WHAT YOU SHOULD DO: From the data that follows, set down exactly the lines from the one with "New 2026 GMC Sierra 3500 SLE image 4" through the one with "low - top Mens", counting both. Pictures stay out.

:: DATA SHOWN

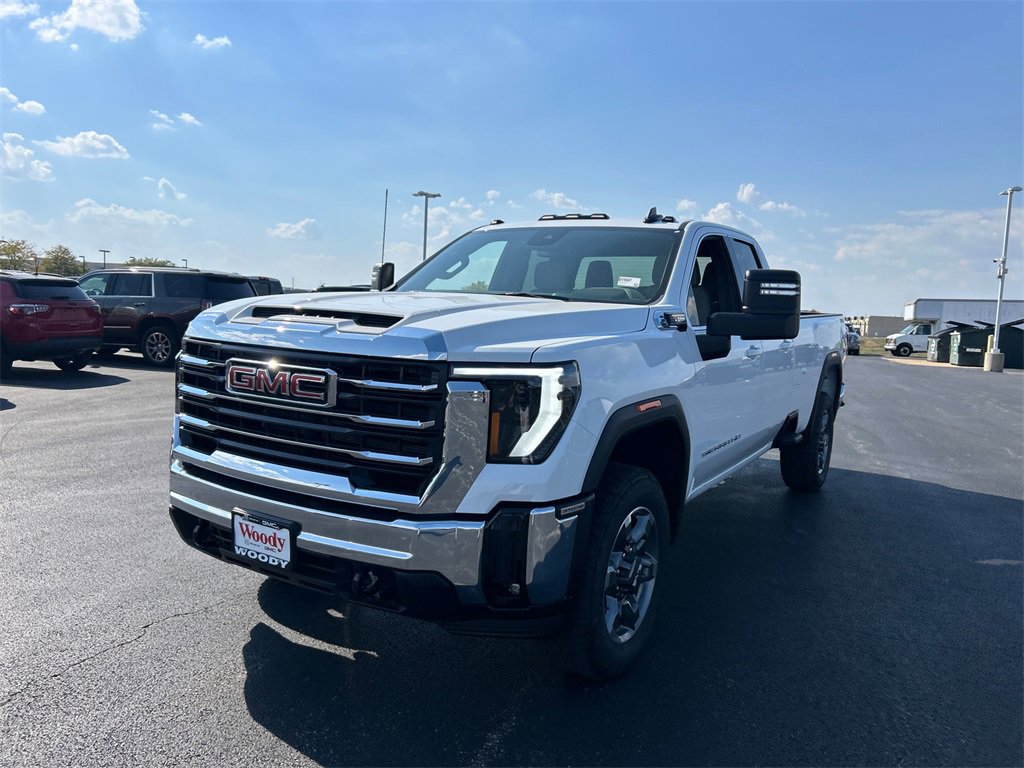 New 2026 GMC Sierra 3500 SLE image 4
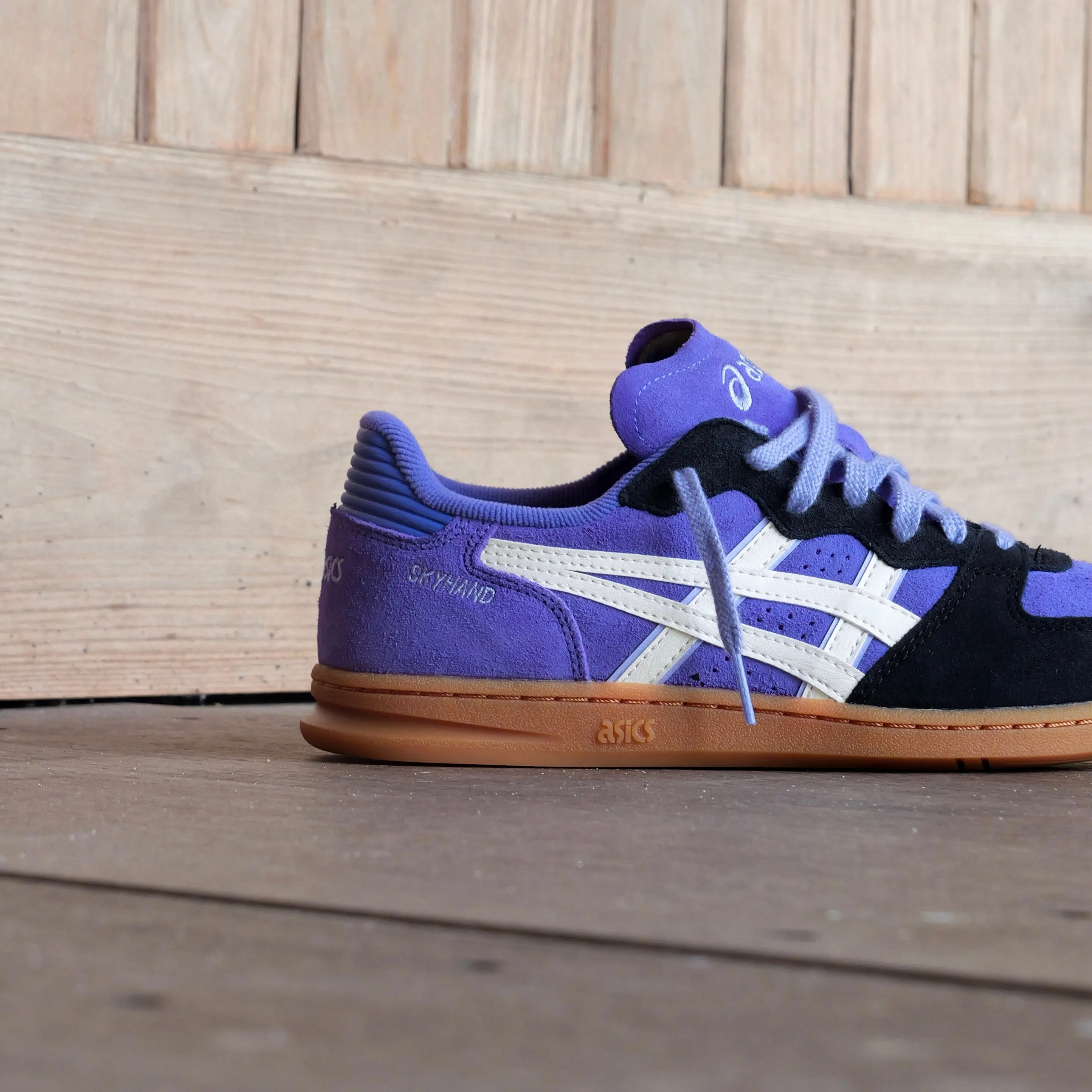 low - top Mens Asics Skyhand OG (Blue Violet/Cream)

::::
:: DATA SHOWN

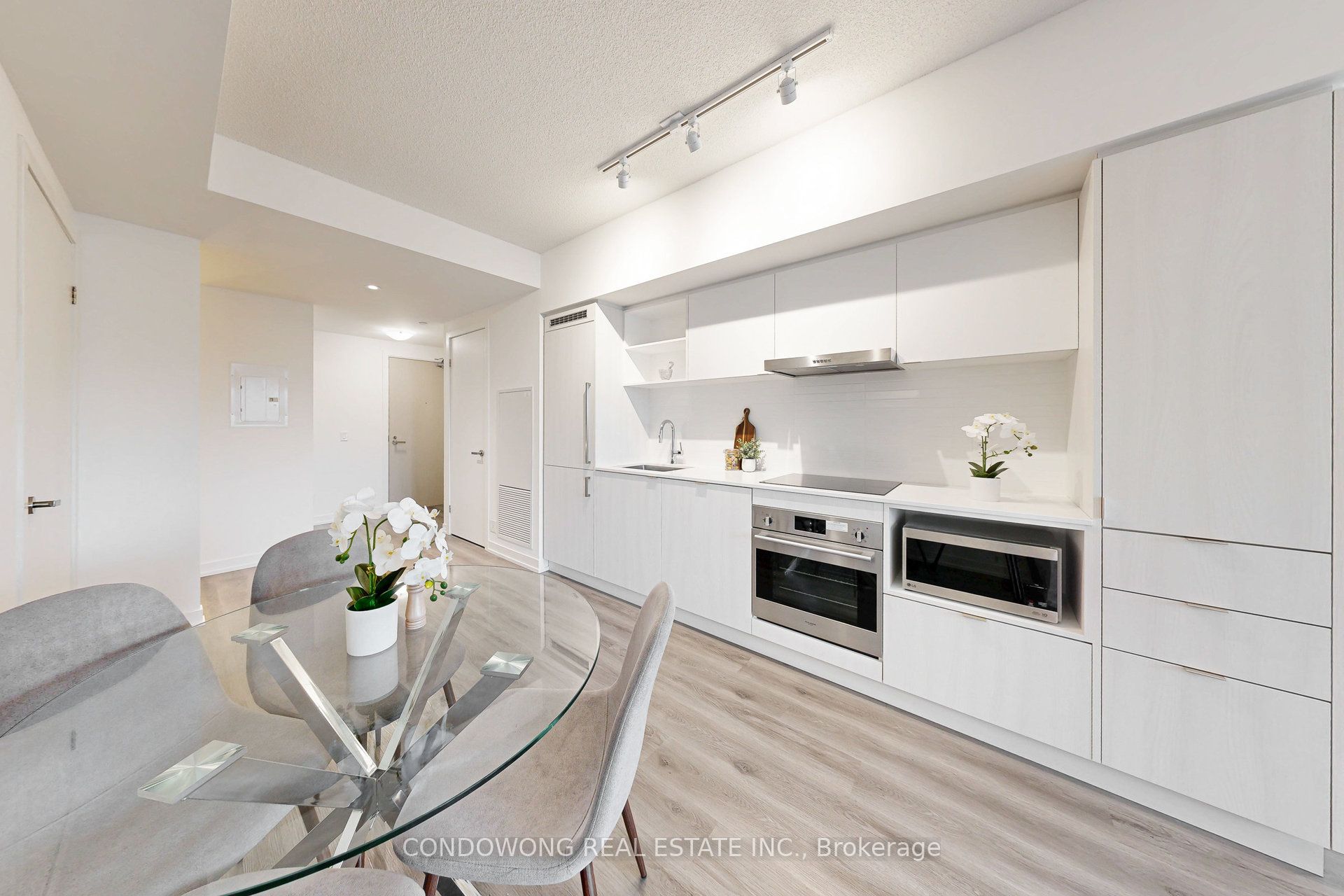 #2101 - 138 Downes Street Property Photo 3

::::
:: DATA SHOWN

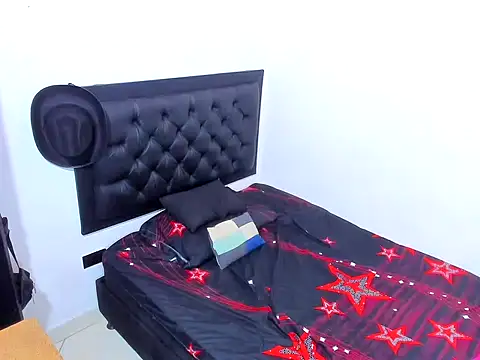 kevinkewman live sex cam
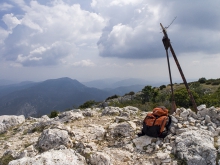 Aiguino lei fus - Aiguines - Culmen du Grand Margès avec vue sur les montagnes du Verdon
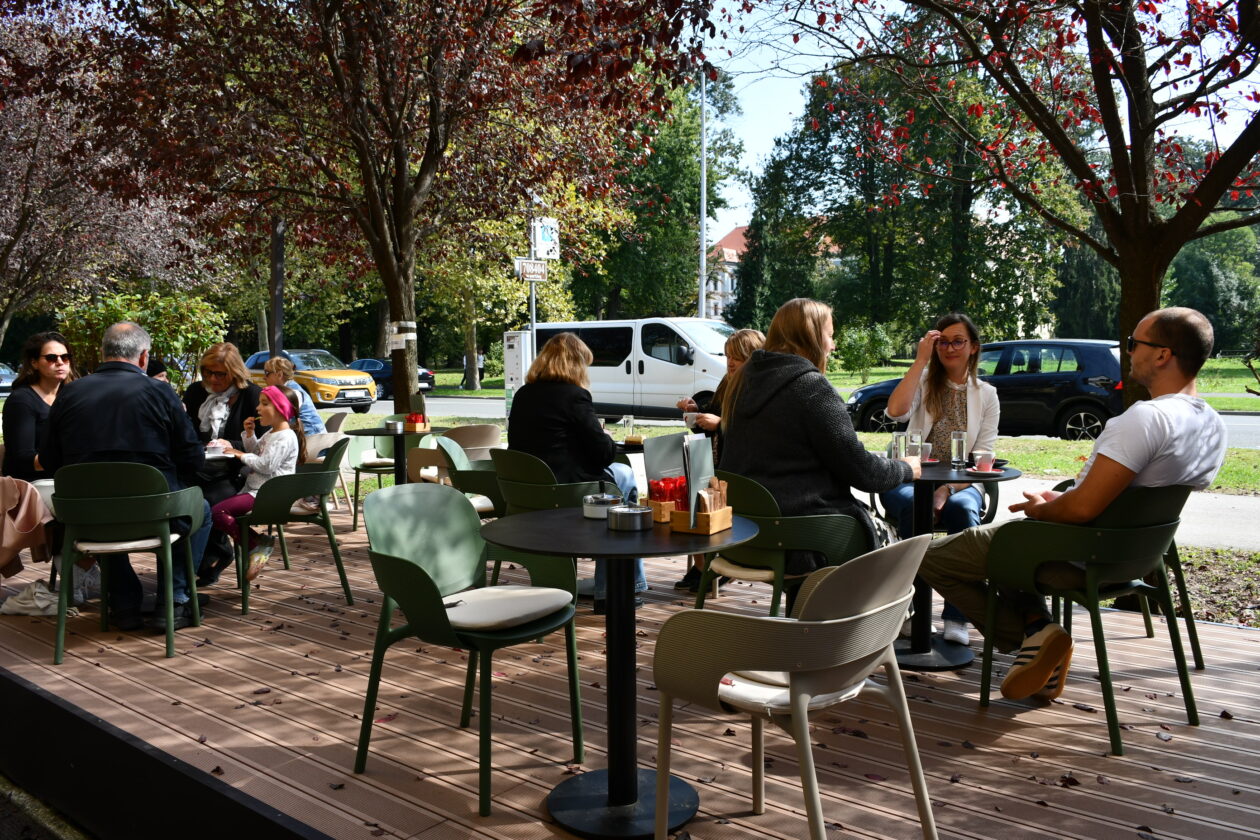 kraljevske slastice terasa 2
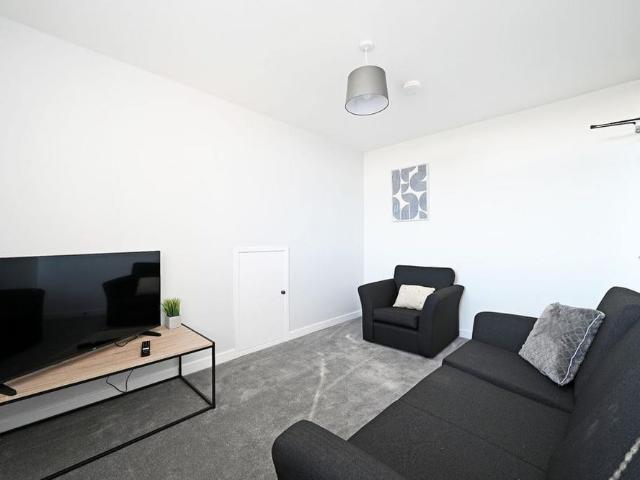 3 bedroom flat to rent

::::

ANSWER:
 New 2026 GMC Sierra 3500 SLE image 4
 low - top Mens Asics Skyhand OG (Blue Violet/Cream)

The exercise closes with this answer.